*Task requirements*. Nothing but the lines from the start of the records through the line that contains "10206 Sycamore Beach" is to be copied, and each is to be copied exactly.

::::

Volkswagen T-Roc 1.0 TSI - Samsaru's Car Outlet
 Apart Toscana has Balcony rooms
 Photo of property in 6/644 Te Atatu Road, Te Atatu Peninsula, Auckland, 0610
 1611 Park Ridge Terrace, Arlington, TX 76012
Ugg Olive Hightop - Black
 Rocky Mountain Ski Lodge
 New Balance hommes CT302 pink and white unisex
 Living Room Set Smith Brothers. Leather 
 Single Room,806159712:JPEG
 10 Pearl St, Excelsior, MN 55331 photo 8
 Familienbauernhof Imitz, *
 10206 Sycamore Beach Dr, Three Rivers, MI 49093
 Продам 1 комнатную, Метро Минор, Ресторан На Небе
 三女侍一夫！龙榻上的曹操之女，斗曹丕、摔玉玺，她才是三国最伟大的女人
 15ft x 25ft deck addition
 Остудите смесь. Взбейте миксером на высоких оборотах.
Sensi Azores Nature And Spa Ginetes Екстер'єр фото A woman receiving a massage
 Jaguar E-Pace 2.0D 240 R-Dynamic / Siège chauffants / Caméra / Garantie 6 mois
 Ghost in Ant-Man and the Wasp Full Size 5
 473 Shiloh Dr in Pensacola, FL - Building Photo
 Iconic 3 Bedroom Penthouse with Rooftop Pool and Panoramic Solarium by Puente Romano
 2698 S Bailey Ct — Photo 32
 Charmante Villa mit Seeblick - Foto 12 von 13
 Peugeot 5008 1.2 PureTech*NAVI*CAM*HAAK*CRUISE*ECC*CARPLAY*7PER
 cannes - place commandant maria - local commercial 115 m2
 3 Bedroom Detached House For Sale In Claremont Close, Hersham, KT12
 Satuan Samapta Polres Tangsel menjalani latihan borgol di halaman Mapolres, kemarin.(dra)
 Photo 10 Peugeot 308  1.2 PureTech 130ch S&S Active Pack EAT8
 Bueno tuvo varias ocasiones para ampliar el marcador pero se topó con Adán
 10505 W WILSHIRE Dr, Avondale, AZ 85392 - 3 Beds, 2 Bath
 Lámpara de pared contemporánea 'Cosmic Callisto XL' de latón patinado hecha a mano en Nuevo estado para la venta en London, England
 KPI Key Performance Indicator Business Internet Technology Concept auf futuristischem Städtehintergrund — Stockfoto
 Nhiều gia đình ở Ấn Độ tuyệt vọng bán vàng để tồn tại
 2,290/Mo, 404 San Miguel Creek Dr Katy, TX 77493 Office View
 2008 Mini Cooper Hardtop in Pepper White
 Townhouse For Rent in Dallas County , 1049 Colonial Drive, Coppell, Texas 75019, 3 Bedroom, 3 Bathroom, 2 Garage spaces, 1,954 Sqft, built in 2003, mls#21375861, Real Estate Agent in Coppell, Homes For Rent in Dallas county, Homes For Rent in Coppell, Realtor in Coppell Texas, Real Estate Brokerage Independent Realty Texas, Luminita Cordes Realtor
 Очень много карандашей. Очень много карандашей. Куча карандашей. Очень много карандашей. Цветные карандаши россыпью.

::::

*Answer to the exercise*.
Volkswagen T-Roc 1.0 TSI - Samsaru's Car Outlet
 Apart Toscana has Balcony rooms
 Photo of property in 6/644 Te Atatu Road, Te Atatu Peninsula, Auckland, 0610
 1611 Park Ridge Terrace, Arlington, TX 76012
Ugg Olive Hightop - Black
 Rocky Mountain Ski Lodge
 New Balance hommes CT302 pink and white unisex
 Living Room Set Smith Brothers. Leather 
 Single Room,806159712:JPEG
 10 Pearl St, Excelsior, MN 55331 photo 8
 Familienbauernhof Imitz, *
 10206 Sycamore Beach Dr, Three Rivers, MI 49093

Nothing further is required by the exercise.